Thursday, 21 December 2023

'Fallout' of the Year Award

 The battles rage

Quick disclaimer, I thought up the name of that title before I remembered there's actually a very famous games series, that I speak about a lot, named 'Fallout'. I was not referring to that game but rather the concept of a 'fallout', as in the consequential wake of an event. See it was a... not really a pun but more a... look just stick with me okay, it makes sense. I think. So the Game Awards went by in a flash and barring some controversy about the way that Geoff decided to run the show and shoe winners off stage with a broom for fear they would sully the time for the almighty advertisers- it was a decent showing. Somehow Hollow Knight Silksong did not make an appearance, and that is the only thing I care about so I consider the show an abject failure, but I have it on good authority that some people out there have other aspects of life they care about or something? Like eating and stuff? (Eh, I don't get the appeal.) But there has been one topic of conversation which keeps popping up again and again; the winner of the big award, and whether or not they deserved it.

Now you would be very hard pressed to call Baldur's Gate 3 a surprise winner of the award considering how everyone already raised the game on their shoulders and carried it off the pitch in slow motion like the final act of a coming-of-age sports movie, but that doesn't mean there was no other game this year with a swinging chance. Heck, back when a lot of us were still naïve believers in the peace there was a genuine belief that Bethesda's very own Starfield was going to be a shoe in. You know, until we actually played the thing and found out how underbaked it really was. (I try to get back into it every week and end up with 4 minute play sessions I just abandon.) In fact, this year was so strong there are several games that never even made the nomination list for Game of the Year that sent people a bit loopy, so of course the winning itself was going to be contentious, no matter how 'pre ordained' it felt.
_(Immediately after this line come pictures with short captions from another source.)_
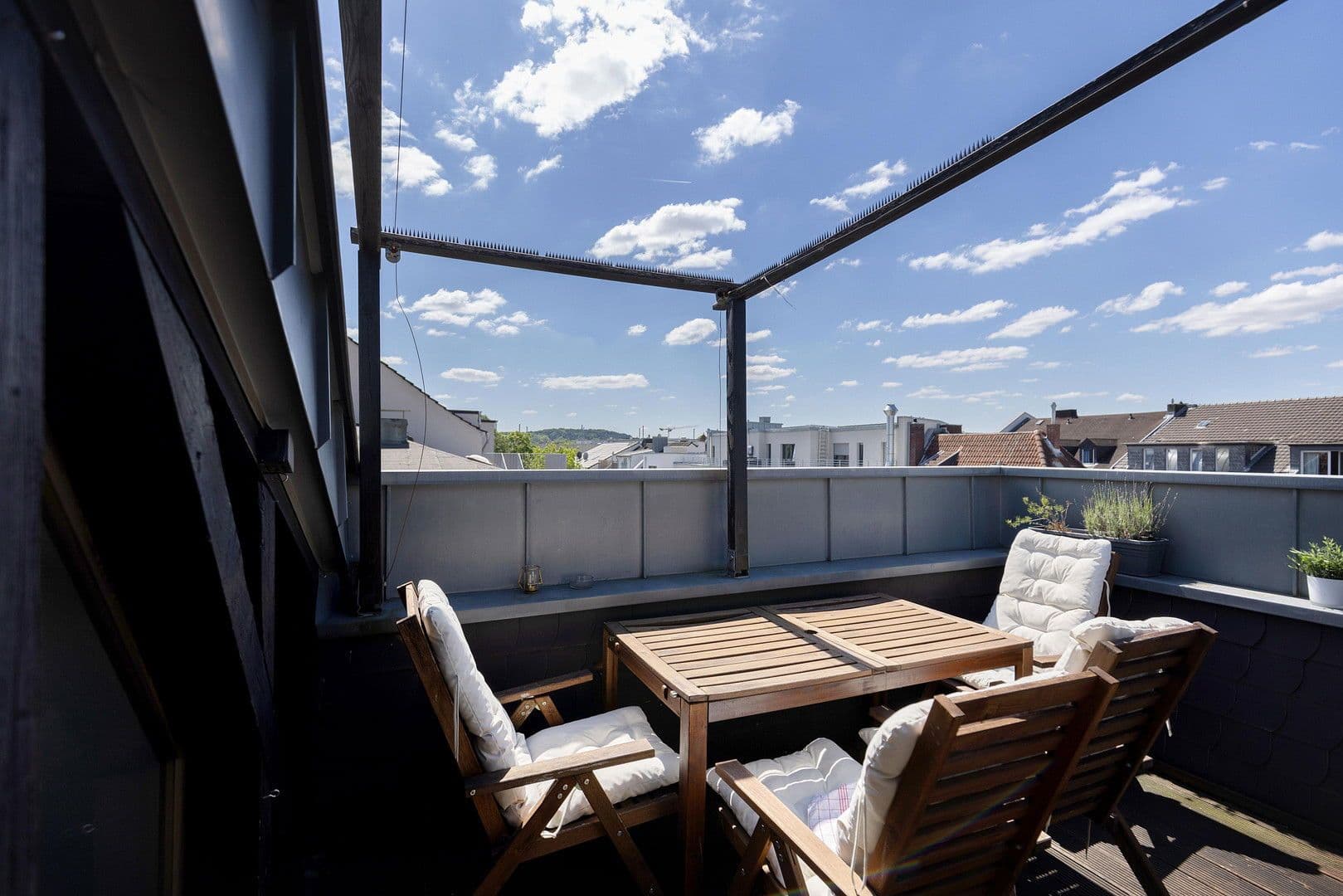 Prodej bytu 2+1 77 m², Bonn, Severní Porýní-Vestfálsko Prodej bytu 2+1 77 m², Bonn, Severní Porýní-Vestfálsko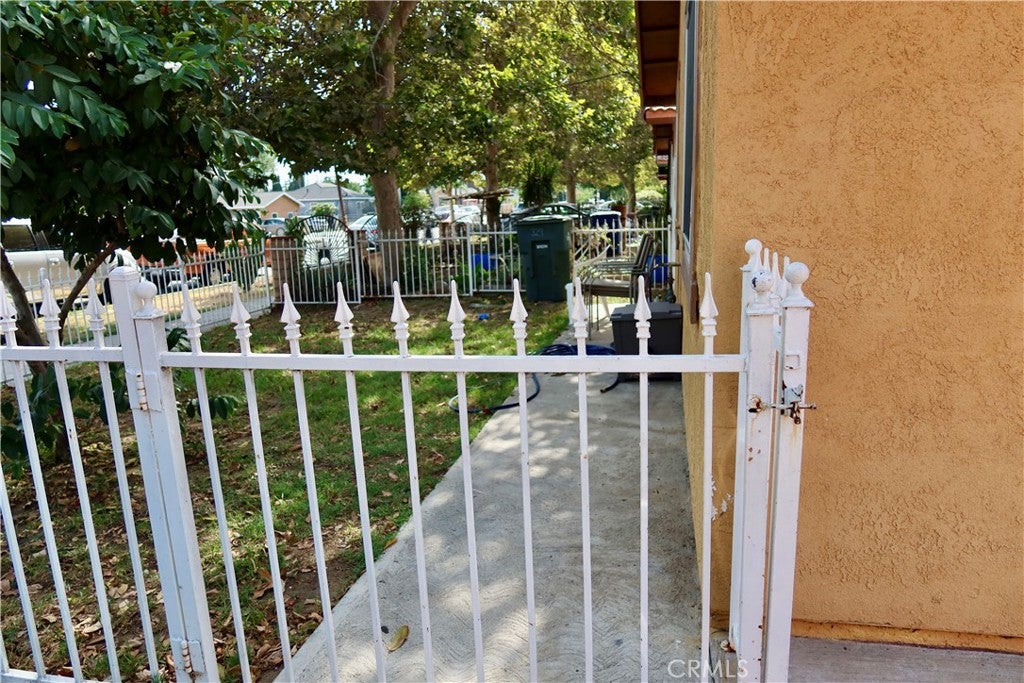 329 E Belmont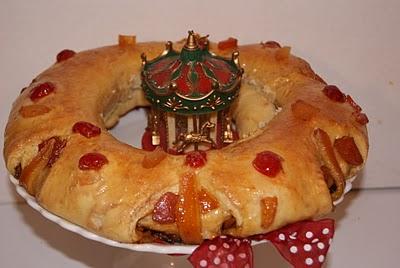 Roscón de Reyes o Rósca de Reyes Roscón de Reyes o Rósca de Reyes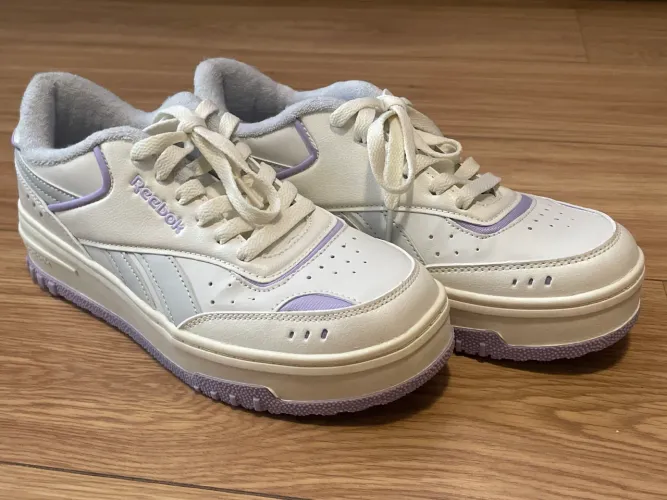 Tênis Reebok novo, tamanho 35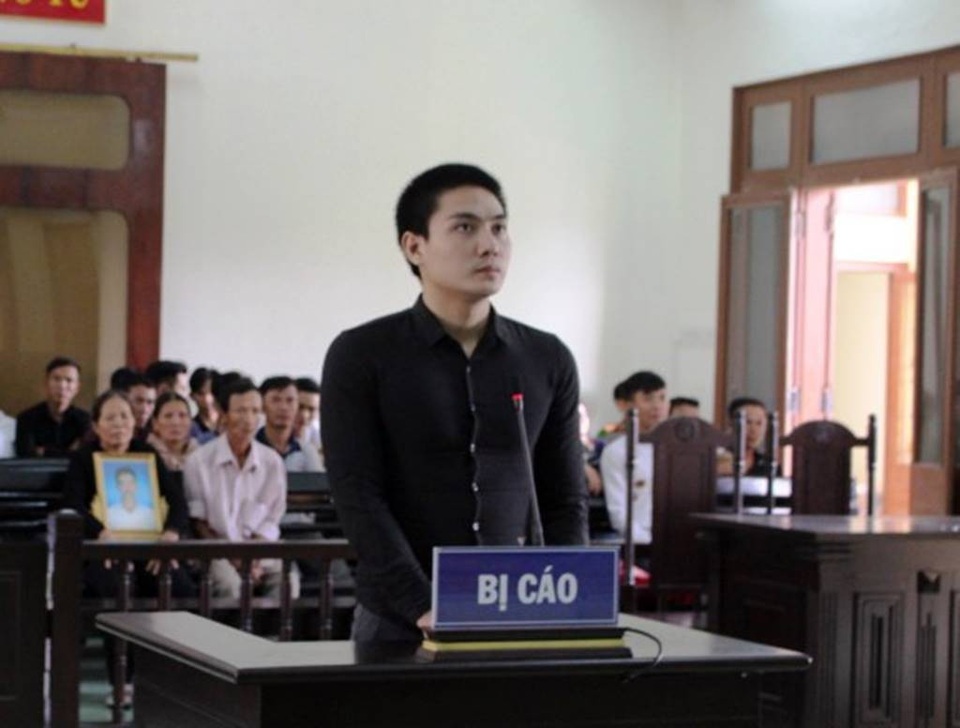 Tuyên 10 năm tù cho đối tượng đâm liên tiếp 7 đối thủ trên bàn nhậu - 1 Bị cáo Lê Ngọc Tuấn trước bục khai báo (ảnh VKSND Phú Yên)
Between the big five I think only Resident Evil 4 raised eyebrows about it's conclusion for merit of it being 'just a remake'. But I have to honestly call bull on that- Resident Evil 4 is so much of a remake that it takes the basic story beats, locations and characters and totally rebuilds them from the ground up. To call is a 'basic' remake is a total misnomer, it was a fresh game totally of it's own right. Now if a remaster was on the list, or maybe The Last of Us Part 1, then I'd understand the side-eye. Seriously, Resident Evil 4 is not a 'side by side' remake by any stretch of the imagination, it earnt it's aplomb purely by being a premier action adventure game. Just as Alan Wake 2 earned it's nomination. And Spiderman 2. (Disgrace the hyphen!) And Tears of the Kingdom.

Funnily enough, despite it's ravenous fanbase I haven't heard a lot of grumblings about Alan Wake 2 not winning Game of the Year. That audience seem happy enough winning Narrative game of the year, which makes sense given no other candidate really threw their narrative prowess to the test, now did they? At least we're not getting a 'Elden Ring' style controversy wherein people complain "I didn't pay attention to the story and I skipped all the dialogue, which means the game had no story and shouldn't be nominated!" Alan Wake 2 was lucky enough to avoid that crowd of 'geniuses'. The other big games on the list however? Yeah, their fans have had something to say- and it's building up into quite the shouting match. (It's like 'Football' over here, everyone's getting uppity like they're actual members of the team.)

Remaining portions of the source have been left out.